Dataset:
----------------------------------------

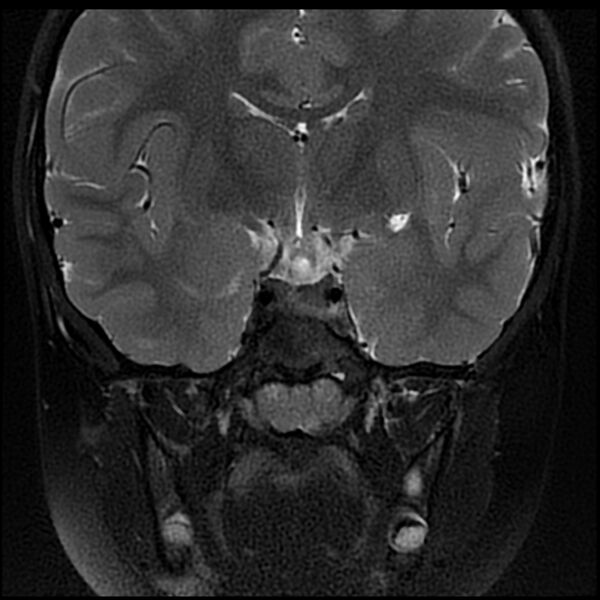 File:Adamantinomatous craniopharyngioma (Radiopaedia 77407-89529 Coronal T2 fat sat 7).jpg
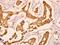 TPX2 Microtubule Nucleation Factor antibody, GTX66708, GeneTex, Immunohistochemistry paraffin image 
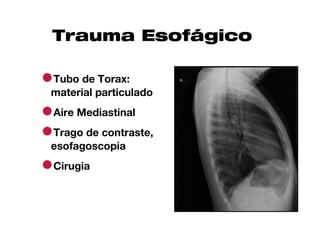 Trauma Esofágico

●Tubo de Torax:
 material particulado

●Aire Mediastinal
●Trago de contraste,
 esofagoscopia

●Cirugia
 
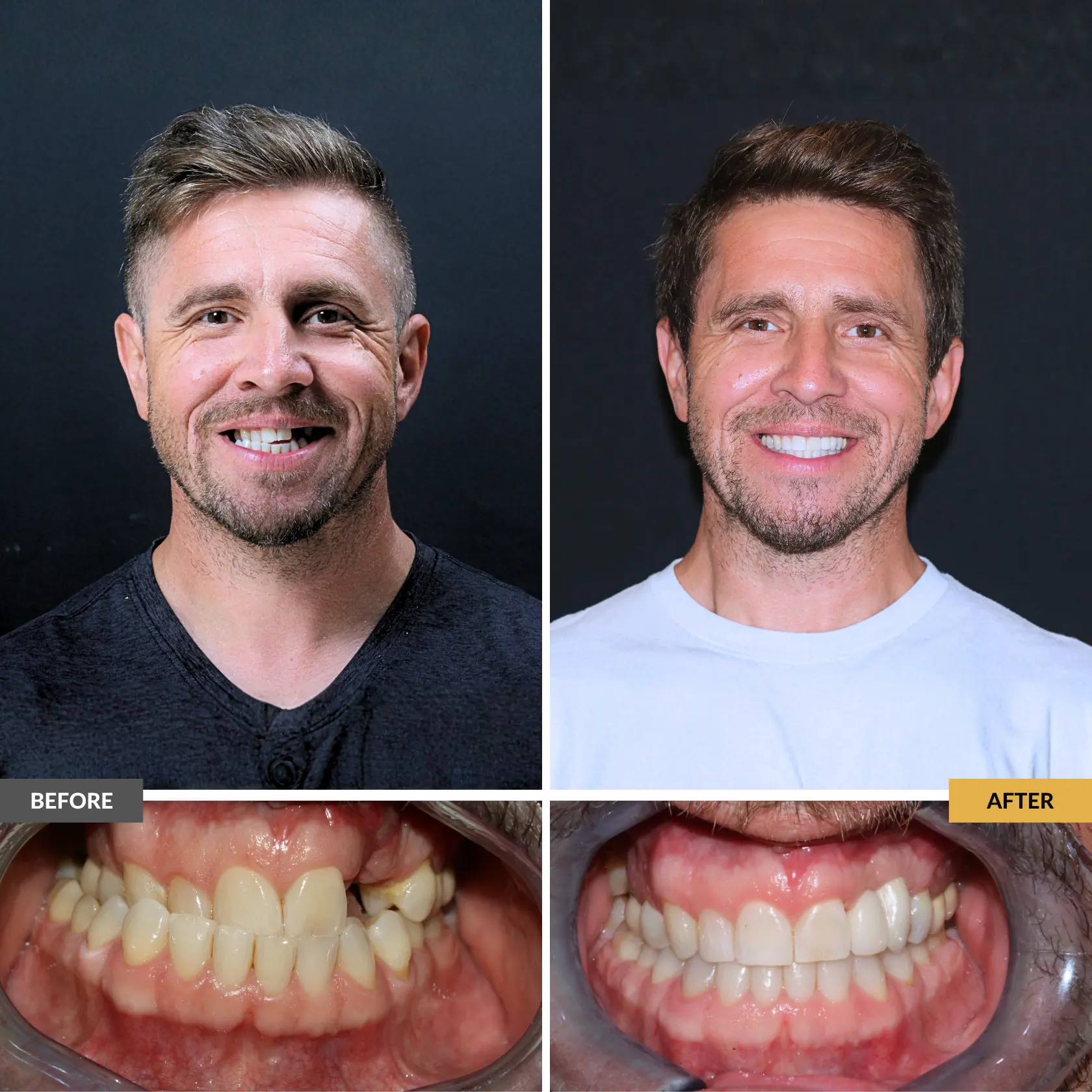 Before and after adult male after a combination a few cosmetic and orthodontic procedures to achieve his smile goals: dental implants, clear braces. Now showing improved tooth alignment and a more confident smile at Dental Care Stamford.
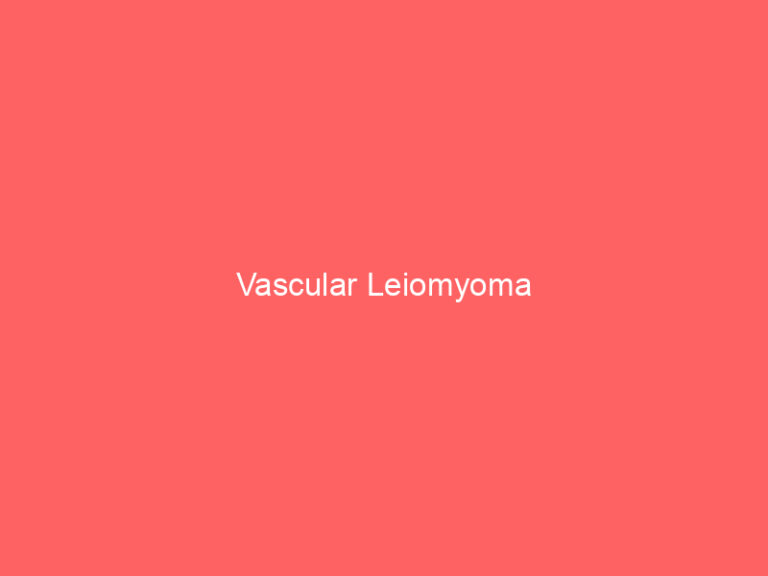 Vascular Leiomyoma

----------------------------------------

Problem description: Print each entry exactly, leaving pictures out.

Response for this exercise:
 File:Adamantinomatous craniopharyngioma (Radiopaedia 77407-89529 Coronal T2 fat sat 7).jpg
 TPX2 Microtubule Nucleation Factor antibody, GTX66708, GeneTex, Immunohistochemistry paraffin image 
 Trauma Esofágico

●Tubo de Torax:
 material particulado

●Aire Mediastinal
●Trago de contraste,
 esofagoscopia

●Cirugia
 
 Before and after adult male after a combination a few cosmetic and orthodontic procedures to achieve his smile goals: dental implants, clear braces. Now showing improved tooth alignment and a more confident smile at Dental Care Stamford.
 Vascular Leiomyoma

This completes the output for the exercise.